Greece's musical superstars have found themselves at the receiving end of public outrage after some of the country's best-known singers were accused of hiding their real incomes from the taxman.
As pensioners and public sector workers are fed another dose of the austerity policies mandated by Greece's international lenders, the leading Greek daily Ta Nea has published what it claimed were the declared incomes of more than 30 well-known and well-paid artists during 2008-2009, the period just before the sovereign debt storm ravaged the country's finances.
Many of the named singers usually perform on a daily basis at Greece's popular bouzoukia night- clubs. The newspaper claims that many of the vocalists could make up to €12,000 a night, yet allegedly declared as little as €3,223.86 in income for the entire year.
The allegations sparked fury across the internet. Some singers rejected the accuracy of the figures. Many others were quick to justify themselves. Sakis Rouvas, one of Greece's most famous artists who has performed twice at the Eurovision song contest, reacted by saying that the article only recorded his personal income and went on to disclose the full amount his company paid to authorities: up to €1.2m in taxes since 2008. Other famous singers such as Anna Vissi and Giorgos Mazonakis also argued that the newspaper failed to reveal the income of their companies.
Whatever the accuracy of the data, the article, which was published on Monday, spread fast on social media outlets Facebook and Twitter. One reader commented: "It's a disappointment to read such things about artists you admire especially when they also slam the government for the austerity measures."
Twitter user Silas Serafim joked: "I'm richer than [Anna] Vissi!" (The singer appears on the list as having declared around €3,000 net income for 2008). Magdalini Karagiorgiou, a nurse said the news made her feel sick. "I haven't been paid in four months but I still need to pay my taxes. I'm not granted the 'flexibility' that is afforded to these artists."
Slamming tax evaders is turning into a popular theme across the Continent. In France a left-leaning newspaper criticised the country's richest man, Bernard Arnault, for seeking Belgian nationality in what – despite his denials – was seen as an effort to dodge taxes. Earlier this week, Liberation's front page read "Get lost, you rich idiot", prompting Mr Arnault to sue the paper, according to reports.
In Greece, authorities have long come under fire for not stamping out tax evasion that is estimated to have cost the state around €20bn in 2010 alone.
Vagelis Tsogkas, a political communications specialist who also used to work as a press officer at the Ministry of Development, said the publication of the figures gave some temporary satisfaction to lower echelons of society that have been bearing the brunt of the austerity measures.
"The figures are provocative indeed, but what happens next is the biggest question... What it actually reveals is the weakness of the state mechanism to tackle tax evasion."

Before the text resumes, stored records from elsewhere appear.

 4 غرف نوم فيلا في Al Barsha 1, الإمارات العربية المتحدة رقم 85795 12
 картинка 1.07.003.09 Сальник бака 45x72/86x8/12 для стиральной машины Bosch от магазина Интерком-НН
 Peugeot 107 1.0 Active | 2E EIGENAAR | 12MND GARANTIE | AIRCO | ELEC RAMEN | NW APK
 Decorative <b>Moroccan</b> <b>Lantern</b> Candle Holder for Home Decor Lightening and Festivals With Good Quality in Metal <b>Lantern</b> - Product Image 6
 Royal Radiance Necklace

French elite trade blows over supertax
Two of the wealthiest men in France, and the world, have exchanged verbal and legal blows on the morality of paying, or avoiding, President François Hollande's proposed 75 per cent tax rate.

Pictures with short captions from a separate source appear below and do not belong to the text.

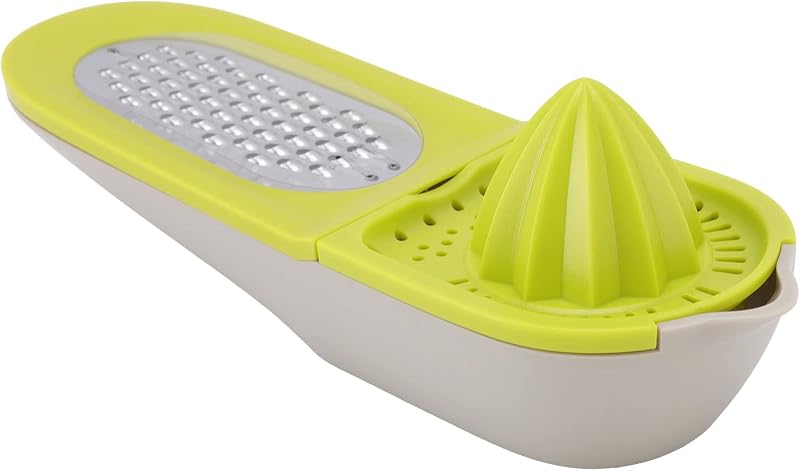 Pro Vegetables, OnioChopper Dicer, Egg Separator Slicer, Vegetable Cutter, Pro Food Cutter Dicerwith Container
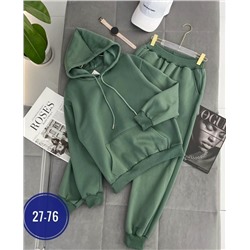 Спортивный костюм #23040856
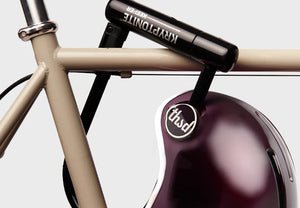 Thousand Heritage 2.0 Chic A Cherry Cola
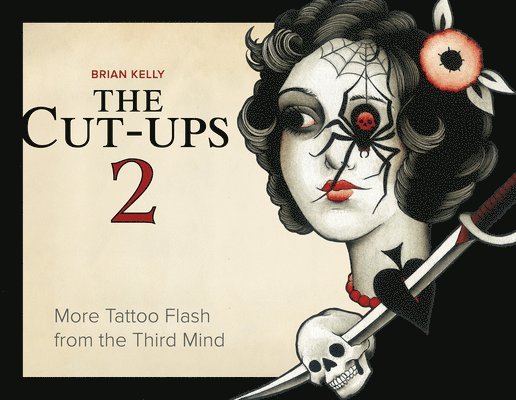 The Cut-Ups 2 1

Baron Edouard de Rothschild, part of the international banking family, defended the left-wing newspaper that he partly owns after it published a front-page attack on Bernard Arnault, the head of the LVMH luxury goods empire.

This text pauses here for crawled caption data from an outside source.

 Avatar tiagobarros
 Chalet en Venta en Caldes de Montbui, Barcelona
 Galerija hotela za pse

Mr Arnault is seeking Franco- Belgian citsizenship but denies that he plans to go into tax exile to avoid Mr Hollande's super tax on the rich. He is suing the left-wing newspaper Libération which used the headline: "Casse-toi, riche con" (Get lost, you rich idiot). This was a reference to an insult mouthed by President Nicolas Sarkozy, a friend of Mr Arnault, to a member of the public who refused to shake his hand. Mr Sarkozy said: "Get lost, you poor idiot."